** Records for processing follows **

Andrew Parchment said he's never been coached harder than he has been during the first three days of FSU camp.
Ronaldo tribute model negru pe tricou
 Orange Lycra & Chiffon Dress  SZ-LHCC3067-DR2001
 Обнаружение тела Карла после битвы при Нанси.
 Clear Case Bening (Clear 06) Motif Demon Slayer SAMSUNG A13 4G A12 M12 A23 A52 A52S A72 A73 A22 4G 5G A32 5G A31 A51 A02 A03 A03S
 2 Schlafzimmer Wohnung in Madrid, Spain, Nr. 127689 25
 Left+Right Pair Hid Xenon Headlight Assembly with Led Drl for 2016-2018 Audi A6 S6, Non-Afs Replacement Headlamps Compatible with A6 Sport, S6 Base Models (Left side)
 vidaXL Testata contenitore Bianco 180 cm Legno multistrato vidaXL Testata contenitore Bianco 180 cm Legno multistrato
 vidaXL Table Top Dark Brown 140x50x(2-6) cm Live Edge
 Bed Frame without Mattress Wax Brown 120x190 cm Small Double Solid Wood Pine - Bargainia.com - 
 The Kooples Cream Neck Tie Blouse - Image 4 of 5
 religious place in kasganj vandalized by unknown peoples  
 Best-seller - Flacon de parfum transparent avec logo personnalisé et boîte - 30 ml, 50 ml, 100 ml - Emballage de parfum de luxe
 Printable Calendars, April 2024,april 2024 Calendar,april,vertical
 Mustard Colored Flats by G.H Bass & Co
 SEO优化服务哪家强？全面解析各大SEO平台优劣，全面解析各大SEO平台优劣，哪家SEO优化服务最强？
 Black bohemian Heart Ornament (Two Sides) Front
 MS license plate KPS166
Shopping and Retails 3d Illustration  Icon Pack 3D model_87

** End of Records for processing **

### Task to complete
Select every line of the records holding the string "Brown".

### Exercise answer
 vidaXL Table Top Dark Brown 140x50x(2-6) cm Live Edge
 Bed Frame without Mattress Wax Brown 120x190 cm Small Double Solid Wood Pine - Bargainia.com - 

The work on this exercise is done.